Make an exact copy of the entries, and keep any pictures out of it.

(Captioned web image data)
┄┄┄┄┄┄┄┄┄┄┄┄┄┄┄┄┄┄┄┄

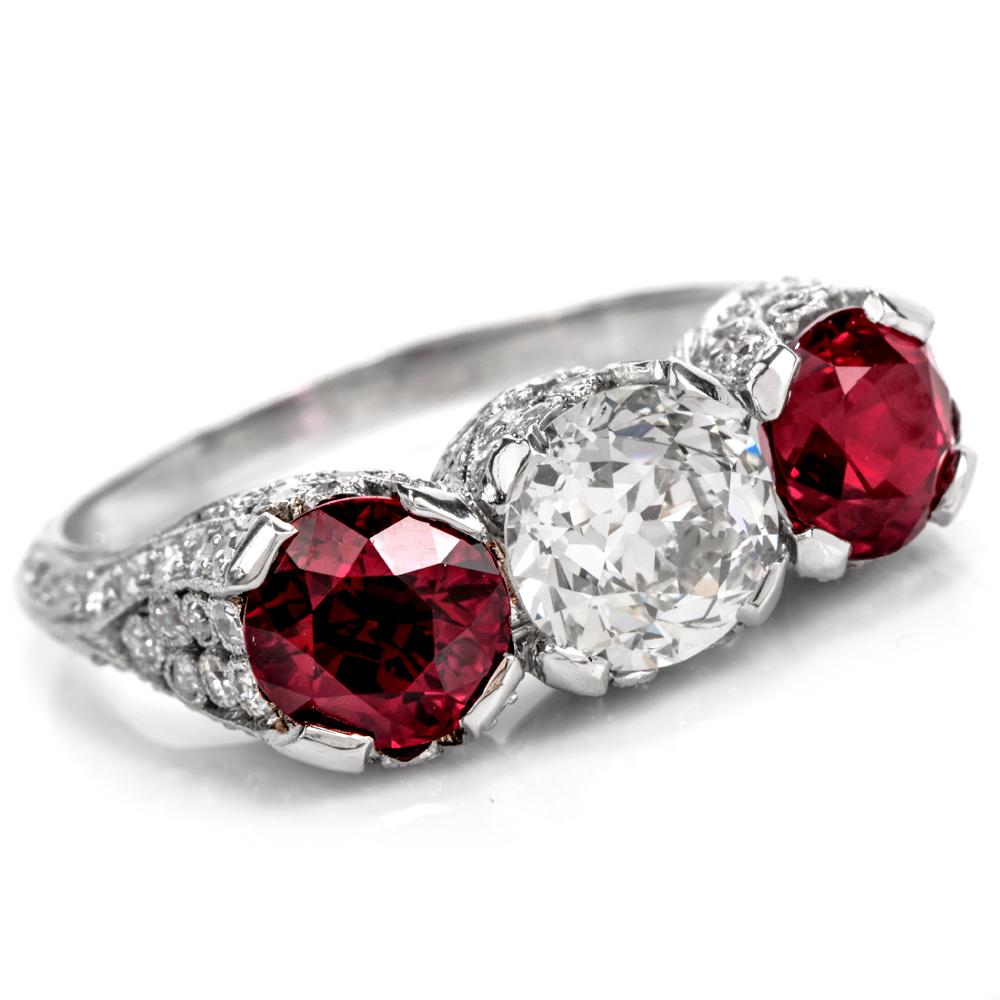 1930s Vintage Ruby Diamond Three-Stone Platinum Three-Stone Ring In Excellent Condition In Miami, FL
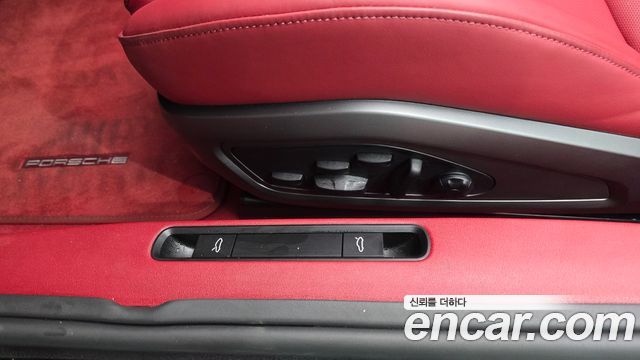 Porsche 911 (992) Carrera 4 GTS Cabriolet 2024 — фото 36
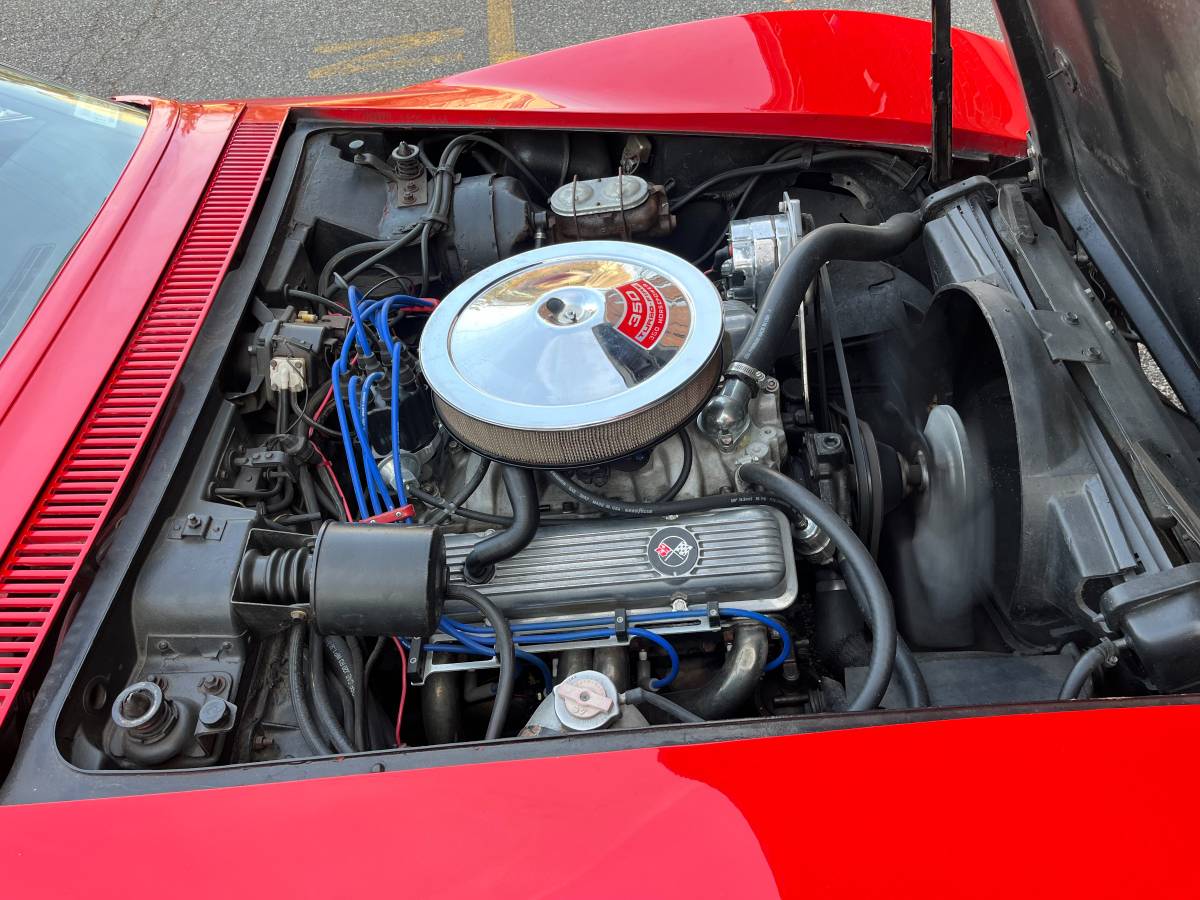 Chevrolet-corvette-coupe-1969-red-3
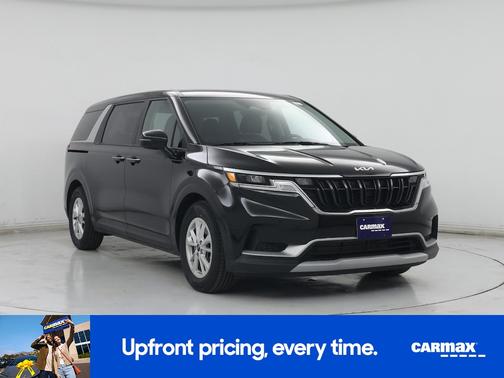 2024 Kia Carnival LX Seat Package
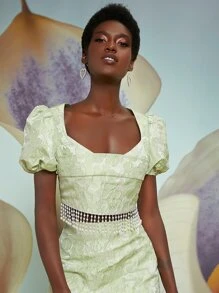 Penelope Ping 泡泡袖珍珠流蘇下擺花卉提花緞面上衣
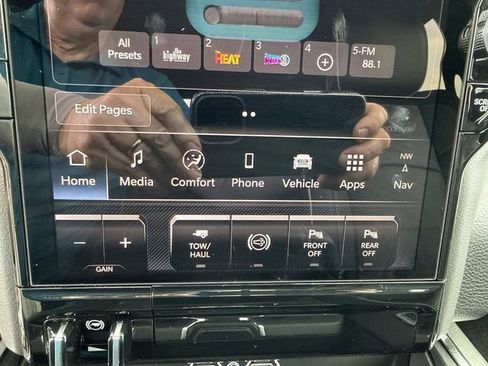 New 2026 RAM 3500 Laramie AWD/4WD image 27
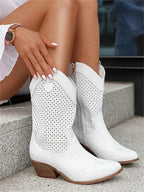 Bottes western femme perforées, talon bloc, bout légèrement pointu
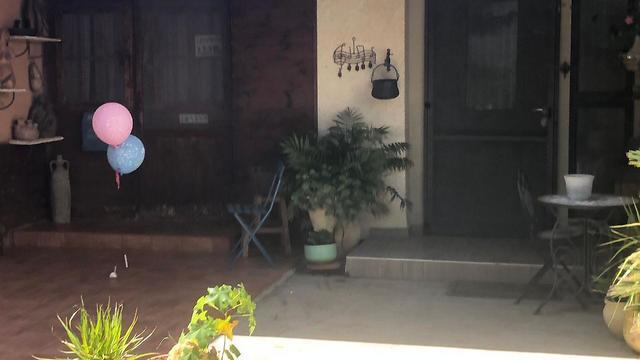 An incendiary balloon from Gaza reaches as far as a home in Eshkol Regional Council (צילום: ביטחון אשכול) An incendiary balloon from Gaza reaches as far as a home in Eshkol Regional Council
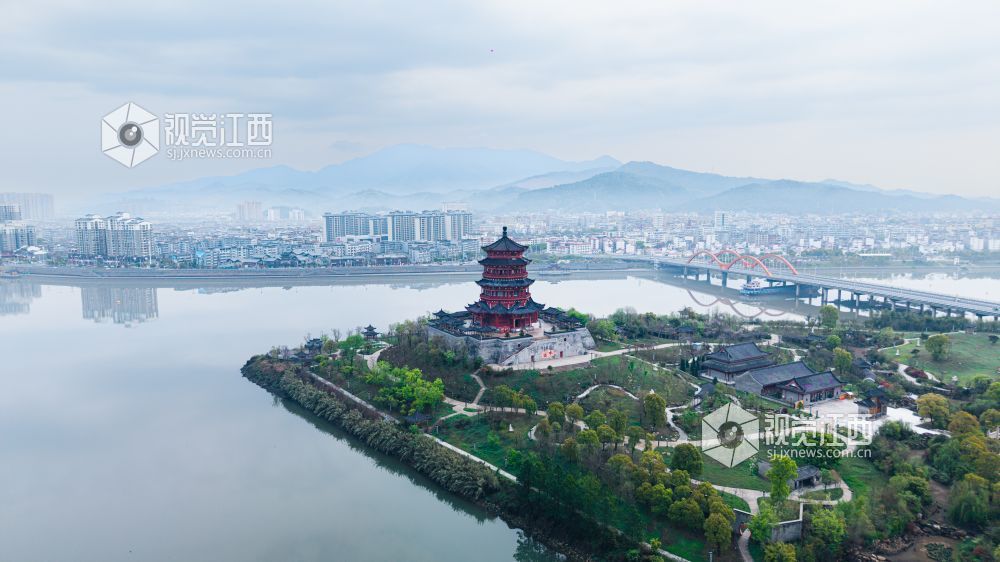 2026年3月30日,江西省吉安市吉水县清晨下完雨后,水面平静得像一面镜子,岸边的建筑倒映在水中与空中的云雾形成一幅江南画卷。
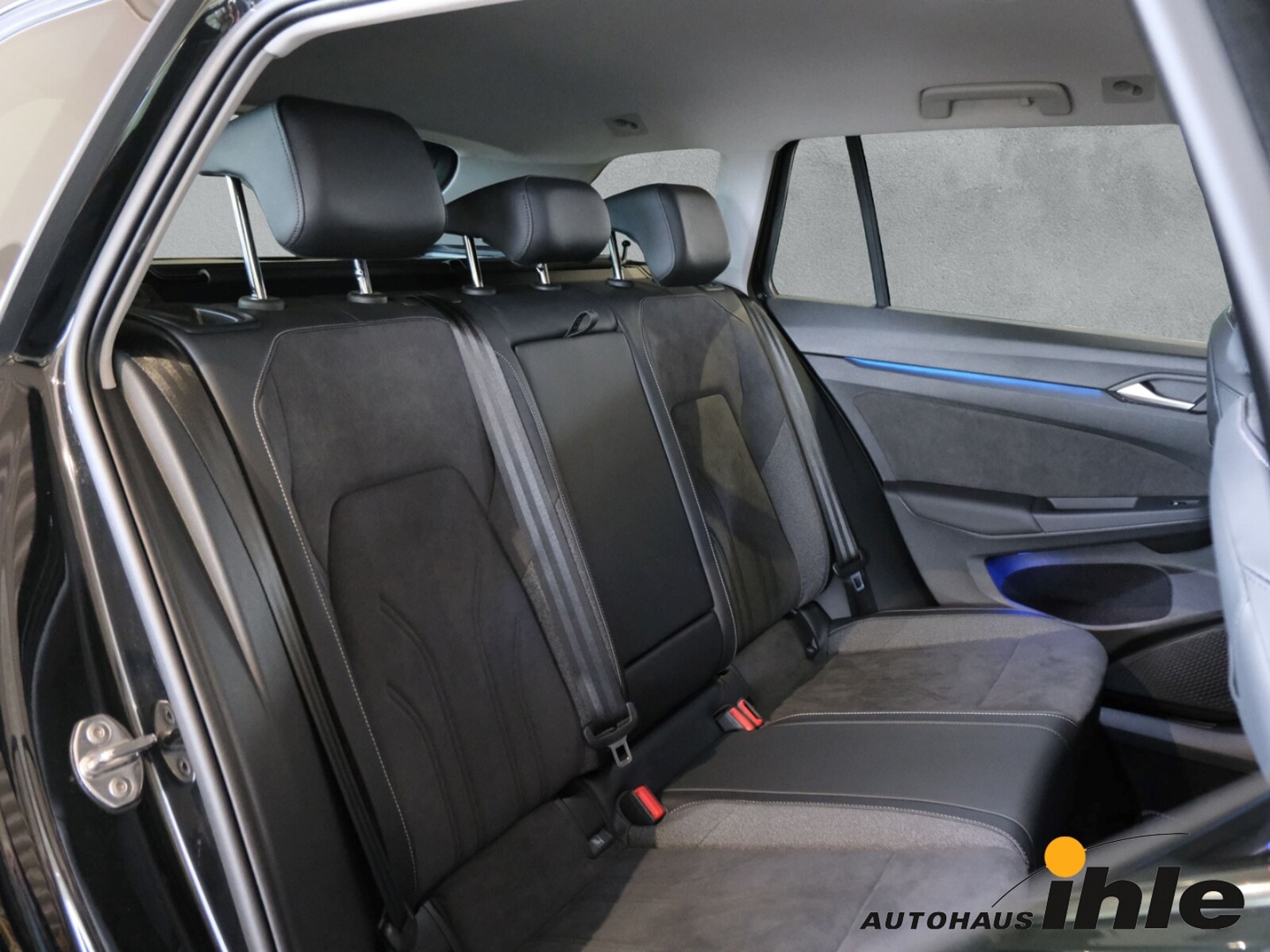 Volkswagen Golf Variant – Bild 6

┄┄┄┄┄┄┄┄┄┄┄┄┄┄┄┄┄┄┄┄

◆ Answer
 1930s Vintage Ruby Diamond Three-Stone Platinum Three-Stone Ring In Excellent Condition In Miami, FL
 Porsche 911 (992) Carrera 4 GTS Cabriolet 2024 — фото 36
 Chevrolet-corvette-coupe-1969-red-3
 2024 Kia Carnival LX Seat Package
 Penelope Ping 泡泡袖珍珠流蘇下擺花卉提花緞面上衣
 New 2026 RAM 3500 Laramie AWD/4WD image 27
 Bottes western femme perforées, talon bloc, bout légèrement pointu
 An incendiary balloon from Gaza reaches as far as a home in Eshkol Regional Council (צילום: ביטחון אשכול) An incendiary balloon from Gaza reaches as far as a home in Eshkol Regional Council
 2026年3月30日,江西省吉安市吉水县清晨下完雨后,水面平静得像一面镜子,岸边的建筑倒映在水中与空中的云雾形成一幅江南画卷。
 Volkswagen Golf Variant – Bild 6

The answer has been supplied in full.